CPU and GPU give good results (IoU ≈ 1), for both SNPE 1.14.0 and 1.19.2.
DSP with SNPE 1.14.0 gives good results (IoU ≈ 0.99) but SNPE 1.19.2 gives very poor results (IoU ≈ 0.05).
I tried quantizing both manually and letting SNPE quantize by itself, it makes no difference.
I also checked quantization paramenters with both SNPE versions and made sure that they are identical, which means that
SNPE runtime is making the difference.
I took a closer look at the outputs of each Unet layer and both SNPE versions give exact same results up until the first conv2d_transpose layer (deconvolution layer in SNPE terms) and then this error propagates on deeper into the Unet.
I can provide a .dlc model of my deconvolution layer for both SNPE versions.

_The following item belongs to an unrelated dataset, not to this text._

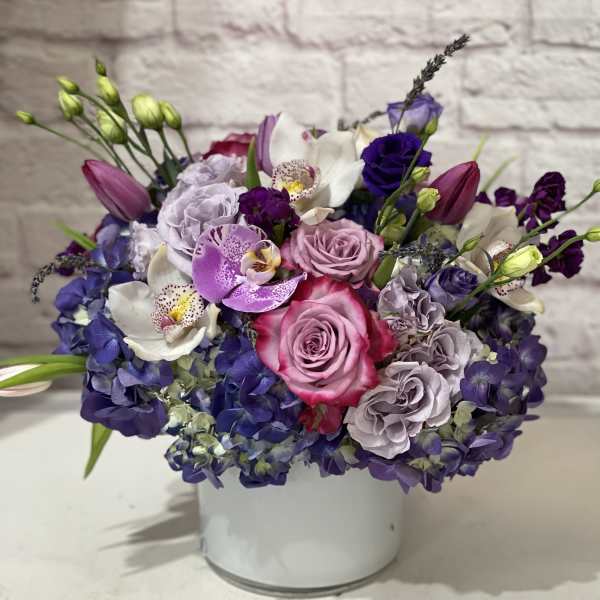 Bouquet of pink, purple, and white flowers in a white vase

I was really lucky that I had SNPE 1.14.0 from before because it cannot be downloaded anymore, but my Unet is about 10-15% faster when using SNPE 1.19.2, so want to use 1.19.2 if possible.
Regards,
Nikola.
P.S.
I also tried SNPE 1.18.0 and it gives poor performance.
I met the same problem using snpe-1.29.0.
CPU GPU both gave correct answer when validating the result values layer by layer, while DSP went wrong at the deconvolution layer.
Any solution or workaround?